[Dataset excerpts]
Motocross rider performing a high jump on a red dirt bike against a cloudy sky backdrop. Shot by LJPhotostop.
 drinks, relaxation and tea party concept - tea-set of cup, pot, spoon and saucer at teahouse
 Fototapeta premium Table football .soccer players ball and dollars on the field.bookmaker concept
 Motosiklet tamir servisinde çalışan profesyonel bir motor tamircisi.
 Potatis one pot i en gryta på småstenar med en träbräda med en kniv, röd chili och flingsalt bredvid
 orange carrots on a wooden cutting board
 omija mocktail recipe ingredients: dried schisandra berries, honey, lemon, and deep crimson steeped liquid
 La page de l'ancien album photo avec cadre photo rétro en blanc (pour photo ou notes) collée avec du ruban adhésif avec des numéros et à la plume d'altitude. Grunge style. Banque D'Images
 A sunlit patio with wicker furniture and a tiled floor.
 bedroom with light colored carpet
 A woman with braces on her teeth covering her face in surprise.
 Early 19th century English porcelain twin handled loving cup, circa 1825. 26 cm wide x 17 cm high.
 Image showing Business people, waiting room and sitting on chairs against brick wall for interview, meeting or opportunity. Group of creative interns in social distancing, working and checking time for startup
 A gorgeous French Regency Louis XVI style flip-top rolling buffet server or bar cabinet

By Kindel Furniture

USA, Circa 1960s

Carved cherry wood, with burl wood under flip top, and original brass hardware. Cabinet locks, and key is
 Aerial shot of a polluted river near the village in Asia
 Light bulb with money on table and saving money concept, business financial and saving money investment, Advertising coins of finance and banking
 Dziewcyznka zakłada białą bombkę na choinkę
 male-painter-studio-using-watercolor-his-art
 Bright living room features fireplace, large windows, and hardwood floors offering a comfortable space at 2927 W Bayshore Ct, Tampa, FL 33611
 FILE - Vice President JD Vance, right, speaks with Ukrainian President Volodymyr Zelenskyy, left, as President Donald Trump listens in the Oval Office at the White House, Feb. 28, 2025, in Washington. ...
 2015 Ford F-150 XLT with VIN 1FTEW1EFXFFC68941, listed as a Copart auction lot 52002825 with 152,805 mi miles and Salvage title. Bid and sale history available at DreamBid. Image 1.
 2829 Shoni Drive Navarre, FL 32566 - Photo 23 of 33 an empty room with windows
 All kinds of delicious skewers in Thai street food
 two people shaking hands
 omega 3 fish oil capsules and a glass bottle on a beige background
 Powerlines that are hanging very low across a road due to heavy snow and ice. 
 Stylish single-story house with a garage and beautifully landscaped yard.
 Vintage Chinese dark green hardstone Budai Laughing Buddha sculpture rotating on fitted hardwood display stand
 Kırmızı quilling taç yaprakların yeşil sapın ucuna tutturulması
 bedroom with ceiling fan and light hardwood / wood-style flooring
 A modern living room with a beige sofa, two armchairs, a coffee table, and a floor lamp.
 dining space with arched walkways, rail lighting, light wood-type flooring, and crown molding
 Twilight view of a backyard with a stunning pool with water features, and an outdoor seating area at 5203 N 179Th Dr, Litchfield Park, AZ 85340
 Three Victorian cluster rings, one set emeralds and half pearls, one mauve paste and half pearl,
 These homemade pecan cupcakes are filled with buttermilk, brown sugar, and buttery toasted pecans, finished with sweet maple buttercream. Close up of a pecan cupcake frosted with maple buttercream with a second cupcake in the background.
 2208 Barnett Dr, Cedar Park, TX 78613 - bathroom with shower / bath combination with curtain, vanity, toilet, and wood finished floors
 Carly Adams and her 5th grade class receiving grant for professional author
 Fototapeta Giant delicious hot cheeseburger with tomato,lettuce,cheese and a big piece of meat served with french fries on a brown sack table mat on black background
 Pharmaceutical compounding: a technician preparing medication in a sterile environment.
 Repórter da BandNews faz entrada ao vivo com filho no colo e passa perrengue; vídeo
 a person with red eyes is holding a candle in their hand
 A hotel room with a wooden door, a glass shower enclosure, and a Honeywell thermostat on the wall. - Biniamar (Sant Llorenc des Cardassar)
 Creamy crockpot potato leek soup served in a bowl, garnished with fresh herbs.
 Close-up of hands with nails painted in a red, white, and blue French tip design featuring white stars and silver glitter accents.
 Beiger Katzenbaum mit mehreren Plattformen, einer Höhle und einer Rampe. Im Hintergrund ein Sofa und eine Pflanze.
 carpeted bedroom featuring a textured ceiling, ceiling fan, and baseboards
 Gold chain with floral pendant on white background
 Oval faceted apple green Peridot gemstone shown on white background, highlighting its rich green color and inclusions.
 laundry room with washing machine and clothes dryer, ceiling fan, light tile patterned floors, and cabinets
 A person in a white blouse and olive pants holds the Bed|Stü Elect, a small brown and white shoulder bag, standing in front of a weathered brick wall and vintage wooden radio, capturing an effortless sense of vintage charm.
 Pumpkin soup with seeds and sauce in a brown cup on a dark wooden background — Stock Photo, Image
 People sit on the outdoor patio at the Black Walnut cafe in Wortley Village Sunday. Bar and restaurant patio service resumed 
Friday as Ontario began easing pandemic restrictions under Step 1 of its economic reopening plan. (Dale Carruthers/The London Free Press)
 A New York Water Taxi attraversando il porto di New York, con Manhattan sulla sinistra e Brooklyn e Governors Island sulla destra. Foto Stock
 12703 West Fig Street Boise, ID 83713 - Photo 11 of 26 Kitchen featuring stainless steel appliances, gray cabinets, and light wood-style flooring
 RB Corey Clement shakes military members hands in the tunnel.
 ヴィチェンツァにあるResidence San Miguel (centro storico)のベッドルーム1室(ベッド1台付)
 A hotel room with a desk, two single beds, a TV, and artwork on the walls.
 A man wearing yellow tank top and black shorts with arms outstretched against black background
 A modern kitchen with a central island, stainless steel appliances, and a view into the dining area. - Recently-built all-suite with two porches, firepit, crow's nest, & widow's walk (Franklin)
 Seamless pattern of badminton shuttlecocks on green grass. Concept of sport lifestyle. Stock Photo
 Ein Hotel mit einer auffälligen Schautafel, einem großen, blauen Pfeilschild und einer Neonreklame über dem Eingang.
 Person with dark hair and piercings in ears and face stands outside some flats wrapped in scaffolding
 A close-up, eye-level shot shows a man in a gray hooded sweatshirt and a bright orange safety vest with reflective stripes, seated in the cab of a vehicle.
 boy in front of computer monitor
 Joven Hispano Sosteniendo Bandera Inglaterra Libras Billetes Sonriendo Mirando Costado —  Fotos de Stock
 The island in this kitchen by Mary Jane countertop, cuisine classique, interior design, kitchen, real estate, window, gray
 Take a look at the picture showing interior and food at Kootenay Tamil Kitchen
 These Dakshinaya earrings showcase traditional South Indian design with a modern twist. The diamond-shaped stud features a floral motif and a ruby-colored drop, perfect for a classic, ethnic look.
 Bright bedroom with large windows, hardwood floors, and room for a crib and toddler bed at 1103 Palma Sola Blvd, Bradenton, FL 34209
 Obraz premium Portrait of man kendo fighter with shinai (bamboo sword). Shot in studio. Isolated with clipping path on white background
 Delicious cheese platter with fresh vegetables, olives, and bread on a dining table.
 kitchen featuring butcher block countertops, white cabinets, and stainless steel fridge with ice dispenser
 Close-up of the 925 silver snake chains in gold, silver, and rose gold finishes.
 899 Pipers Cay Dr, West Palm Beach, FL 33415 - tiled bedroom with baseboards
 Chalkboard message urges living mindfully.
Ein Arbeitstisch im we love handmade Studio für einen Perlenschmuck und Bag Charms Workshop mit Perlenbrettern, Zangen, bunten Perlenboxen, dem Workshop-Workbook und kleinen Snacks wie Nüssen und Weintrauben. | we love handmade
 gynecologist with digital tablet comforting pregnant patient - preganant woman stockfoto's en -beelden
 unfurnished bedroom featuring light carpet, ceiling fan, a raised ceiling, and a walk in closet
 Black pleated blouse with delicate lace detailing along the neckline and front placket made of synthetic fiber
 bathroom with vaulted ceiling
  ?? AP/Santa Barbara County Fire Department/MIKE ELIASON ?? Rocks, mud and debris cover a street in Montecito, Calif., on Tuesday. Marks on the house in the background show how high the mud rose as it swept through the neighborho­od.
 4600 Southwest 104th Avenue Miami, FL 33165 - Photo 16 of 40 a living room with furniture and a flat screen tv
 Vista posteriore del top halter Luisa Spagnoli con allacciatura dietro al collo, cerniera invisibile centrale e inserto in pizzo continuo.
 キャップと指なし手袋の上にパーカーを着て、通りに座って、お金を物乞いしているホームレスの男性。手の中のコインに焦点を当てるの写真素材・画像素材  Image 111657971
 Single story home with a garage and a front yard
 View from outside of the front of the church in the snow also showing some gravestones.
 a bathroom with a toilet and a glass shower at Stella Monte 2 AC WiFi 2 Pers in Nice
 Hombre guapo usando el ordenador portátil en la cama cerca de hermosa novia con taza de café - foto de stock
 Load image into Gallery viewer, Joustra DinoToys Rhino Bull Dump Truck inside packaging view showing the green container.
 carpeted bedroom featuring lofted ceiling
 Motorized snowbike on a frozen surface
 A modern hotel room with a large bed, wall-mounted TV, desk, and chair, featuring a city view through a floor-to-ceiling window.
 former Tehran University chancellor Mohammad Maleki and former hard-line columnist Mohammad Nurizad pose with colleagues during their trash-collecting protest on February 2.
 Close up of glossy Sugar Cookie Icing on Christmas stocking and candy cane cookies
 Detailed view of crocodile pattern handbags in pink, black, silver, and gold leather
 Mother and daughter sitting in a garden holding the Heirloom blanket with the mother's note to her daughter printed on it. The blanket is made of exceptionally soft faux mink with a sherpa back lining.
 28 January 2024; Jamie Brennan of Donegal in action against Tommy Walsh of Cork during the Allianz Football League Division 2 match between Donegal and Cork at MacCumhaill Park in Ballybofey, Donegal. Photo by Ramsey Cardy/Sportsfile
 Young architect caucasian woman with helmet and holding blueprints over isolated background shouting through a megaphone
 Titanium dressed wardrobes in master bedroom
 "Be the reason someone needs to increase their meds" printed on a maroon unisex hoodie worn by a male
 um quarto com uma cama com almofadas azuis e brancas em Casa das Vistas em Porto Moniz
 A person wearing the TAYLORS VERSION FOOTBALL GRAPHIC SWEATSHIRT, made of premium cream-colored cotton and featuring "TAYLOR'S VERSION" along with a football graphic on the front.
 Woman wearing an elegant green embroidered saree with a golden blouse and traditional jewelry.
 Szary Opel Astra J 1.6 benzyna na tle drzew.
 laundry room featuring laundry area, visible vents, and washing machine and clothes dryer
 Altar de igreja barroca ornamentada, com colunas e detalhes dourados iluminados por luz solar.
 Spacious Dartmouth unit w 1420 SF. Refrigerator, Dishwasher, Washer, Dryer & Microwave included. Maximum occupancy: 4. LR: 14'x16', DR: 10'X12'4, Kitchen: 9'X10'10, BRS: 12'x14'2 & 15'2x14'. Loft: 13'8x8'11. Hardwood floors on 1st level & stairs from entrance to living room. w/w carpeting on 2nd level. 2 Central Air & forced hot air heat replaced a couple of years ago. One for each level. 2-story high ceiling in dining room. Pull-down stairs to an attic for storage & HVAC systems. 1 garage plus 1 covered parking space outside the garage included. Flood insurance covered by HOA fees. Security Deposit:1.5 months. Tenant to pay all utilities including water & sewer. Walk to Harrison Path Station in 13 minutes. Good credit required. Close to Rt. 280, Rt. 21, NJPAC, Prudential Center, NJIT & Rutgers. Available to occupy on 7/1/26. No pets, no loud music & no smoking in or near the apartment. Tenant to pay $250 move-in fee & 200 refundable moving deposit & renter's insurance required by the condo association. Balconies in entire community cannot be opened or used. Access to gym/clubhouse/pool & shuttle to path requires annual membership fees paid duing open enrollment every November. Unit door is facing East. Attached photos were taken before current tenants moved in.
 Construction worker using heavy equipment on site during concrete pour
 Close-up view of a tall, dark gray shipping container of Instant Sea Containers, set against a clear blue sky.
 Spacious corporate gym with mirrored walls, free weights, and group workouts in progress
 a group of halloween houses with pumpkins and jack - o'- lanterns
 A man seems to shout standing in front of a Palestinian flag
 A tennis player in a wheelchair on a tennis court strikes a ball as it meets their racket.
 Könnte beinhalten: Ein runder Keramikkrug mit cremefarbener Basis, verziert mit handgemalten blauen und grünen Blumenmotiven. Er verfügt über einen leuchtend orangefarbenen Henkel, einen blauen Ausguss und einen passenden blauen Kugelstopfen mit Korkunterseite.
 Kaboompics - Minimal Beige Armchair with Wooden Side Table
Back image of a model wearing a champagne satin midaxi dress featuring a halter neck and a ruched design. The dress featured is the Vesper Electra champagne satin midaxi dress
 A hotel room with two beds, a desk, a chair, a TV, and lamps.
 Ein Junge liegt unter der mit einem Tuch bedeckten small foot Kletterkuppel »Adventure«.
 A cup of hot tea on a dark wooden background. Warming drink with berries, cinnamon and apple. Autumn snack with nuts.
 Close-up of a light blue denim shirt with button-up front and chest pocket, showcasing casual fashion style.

**THE PROBLEM**
Please output an exact copy of the lines above, from the opening line of the data down to the line that contains "Potatis one pot".

**COMPLETED EXERCISE**
Motocross rider performing a high jump on a red dirt bike against a cloudy sky backdrop. Shot by LJPhotostop.
 drinks, relaxation and tea party concept - tea-set of cup, pot, spoon and saucer at teahouse
 Fototapeta premium Table football .soccer players ball and dollars on the field.bookmaker concept
 Motosiklet tamir servisinde çalışan profesyonel bir motor tamircisi.
 Potatis one pot i en gryta på småstenar med en träbräda med en kniv, röd chili och flingsalt bredvid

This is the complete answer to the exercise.